The chapter discusses pipelining, retiming and look-ahead techniques for transforming digital designs to meet the desired objectives. Broadly, signal processing systems can be classified as feed forward or feedback systems. In feed forward systems the data flows from input to output and no value in the system is fed back in a recursive loop. Finite impulse response (FIR) filters are feed forward systems and are fundamental to signal processing. Most of the signal processing algorithms such as fast Fourier transform (FFT) and discrete cosine transform (DCT) are feed forward. The timing can be improved by simply adding multiple stages of pipelining in the hardware design.

Recursive systems such as infinite impulse response (IIR) filters are also widely used in DSP. The feedback recursive algorithms are used for timing, symbol and frequency recovery in digital communication receivers. In speech processing and signal modeling, autoregressive moving average (ARMA) and autoregressive (AR) processes involve IIR systems. These systems are characterized by a difference equation . To compute an output sample, the equation directly or indirectly involves previous values of the output samples along with the current and previous values of input samples. As the previous output samples are required in the computation, adding pipeline registers to improve timing is not directly available to the designer. The chapter discusses cut-set retiming and node transfer theorem techniques for systematically adding pipelining registers in feed forward systems. These techniques are explained with examples. This chapter also discusses techniques that help in meeting timings in implementing fully dedicated architectures (FDAs) for feedback systems.

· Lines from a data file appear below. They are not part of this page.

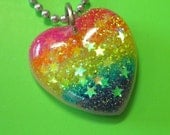 Resin Rainbow Glitter Pendant - Neon Rainbow Love Heart Stripe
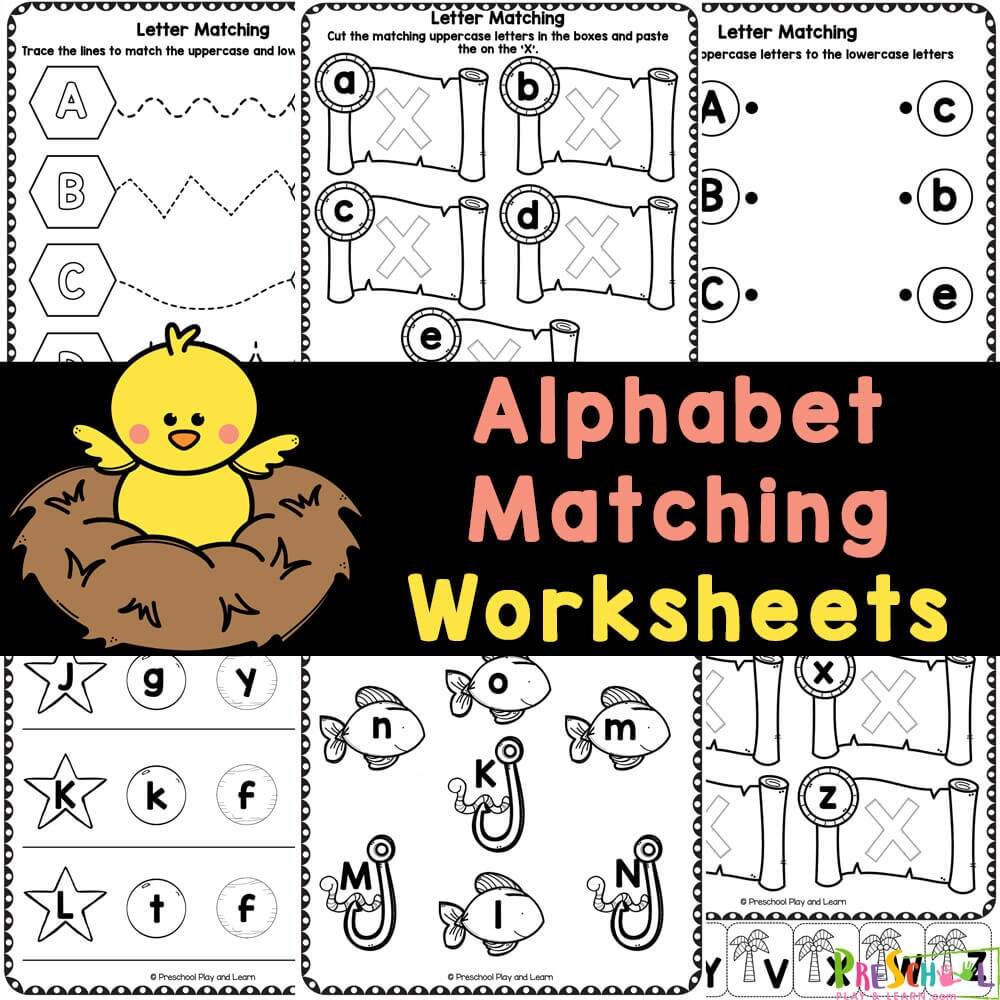 FREE Match The Same ABC Letters Alphabet Matching Worksheets For Pre K FREE Preschool Alphabet Letter Matching Worksheets With Pictures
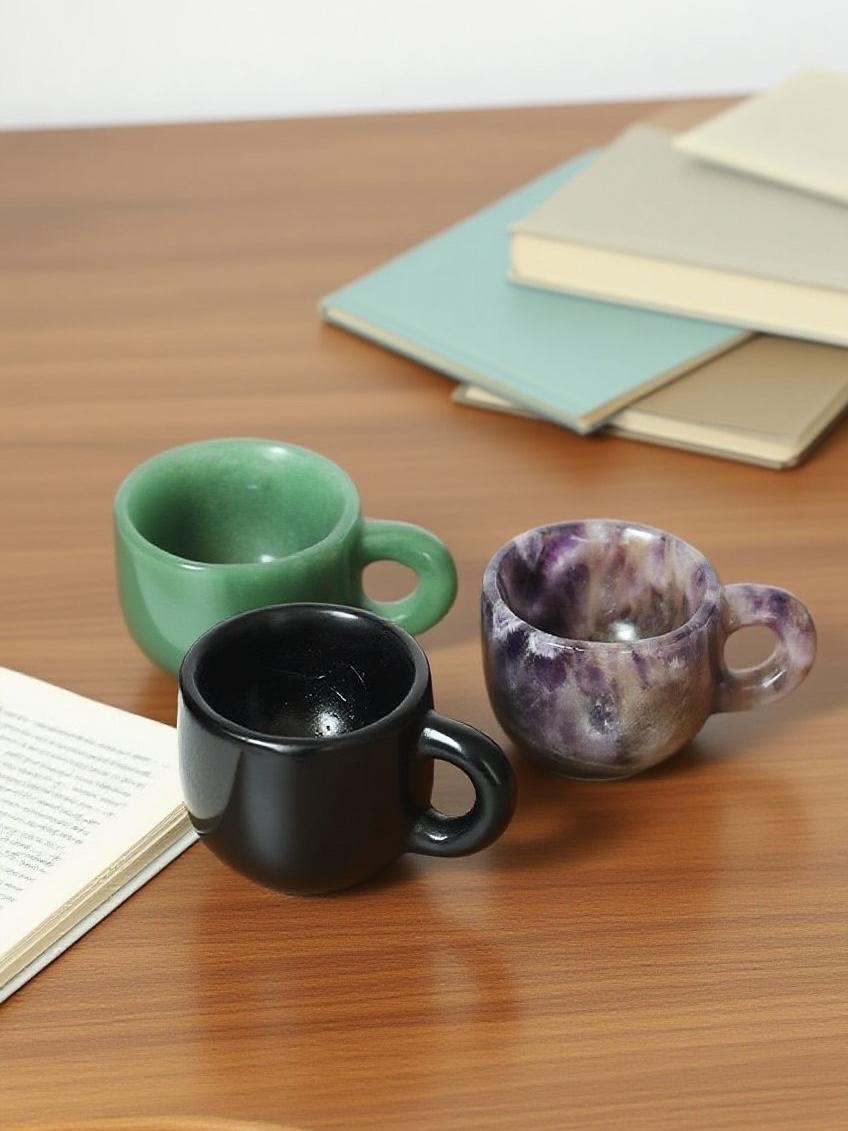 Natural Crystal Handled Teacup Collection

The chapter also defines some of the terms relating to digital design of feedback systems. Iteration, the iteration period, loop, loop bound and iteration period bound are explained with examples. While designing a feedback system, the designer applies mathematical transformations to bring the critical path of the design equal to the iteration period bound (IPB), which is defined as the loop bound of the critical loop of the system. The chapter then discusses the node transfer theorem and cut-set retiming techniques in reference to feedback systems. The techniques help the designer to systematically move the registers to retime the design in such a way that the transformed design has reduced critical path and ideally it is equal to the IPB.

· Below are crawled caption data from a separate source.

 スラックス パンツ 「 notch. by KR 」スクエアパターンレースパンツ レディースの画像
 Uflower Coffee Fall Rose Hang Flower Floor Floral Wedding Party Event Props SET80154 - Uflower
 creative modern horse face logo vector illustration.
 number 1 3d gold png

Feedback loops pose a great challenge. It is not trivial to add pipelining and extract parallelism in these systems. The IPB limits any potential improvement in the design. The chapter highlights that if the IPB does not satisfy the sampling rate requirement even after using the fastest computational units in the design, the designer should then resort to look-ahead transformation. This transformation actually reduces the IPB at the cost of additional logic. Look-ahead transformation, by replacing the previous value of the output by its equivalent expression, adds additional registers in the loop. These additional delays reduce the IPB of the design. These delays then can be retimed to reduce the critical path delay. The chapter illustrates the effectiveness of the methodology by examples. The chapter also introduces the concept of ‘C-slow retiming’, where each register in the design is first replaced by C number of registers and these registers are then retimed for improved throughput. The design can then handle C independent streams of inputs.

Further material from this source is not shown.